Voted #1 Best Children's Museum in the United States in 2025 by Newsweek, Impression 5 Science Center, is a hands-on science museum located in downtown Lansing, Michigan. Formerly known as the Impression 5 Museum, the center is located in a historic wagon works factory on the Grand River. The name, Impression 5, refers to the five senses. The Impression 5 Science Center has ~3,000 Visitors per week.

==History==
The Impression 5 Science Center was founded by Marilynne Eichinger in her basement in Lansing, Michigan, in 1972. Eichinger graduated with a BA in sociology/anthropology from Boston University and an MA in counseling psychology from Michigan State University.

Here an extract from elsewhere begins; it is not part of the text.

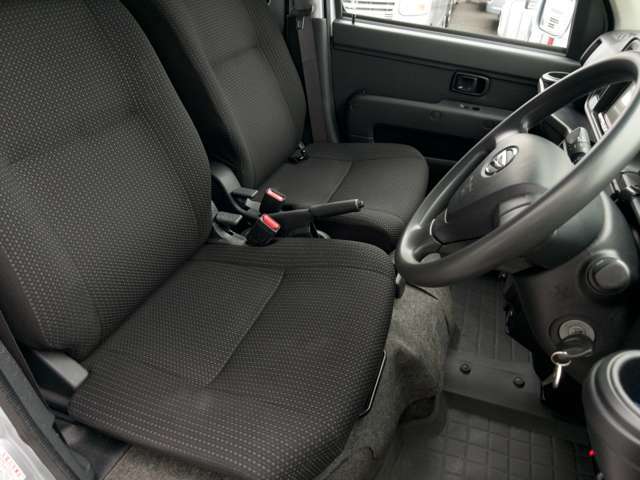 高品質車両はもちろん！高品質だからこそ低価格にしたい！！お客様と同じ気持ちで一生懸命頑張ります！！ホームページ　http：//www.jobcars.jp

As a mother of five she was influenced by the Montessori education her children received as well as the writings of Jean Piaget and Howard Gardner. Much of her life was surrounded by family and friends involved in physics and engineering and Eichinger became interested in developing a way to explain scientific principles that appeared so complex in a way that the general public could understand. She promoted the design and development of hands-on exhibits that challenged visitors thinking processes. The initial goal of Impression 5 was to develop fun, educational exhibits that focused on the five senses. A variety of approaches was offered to take into account individual learning styles.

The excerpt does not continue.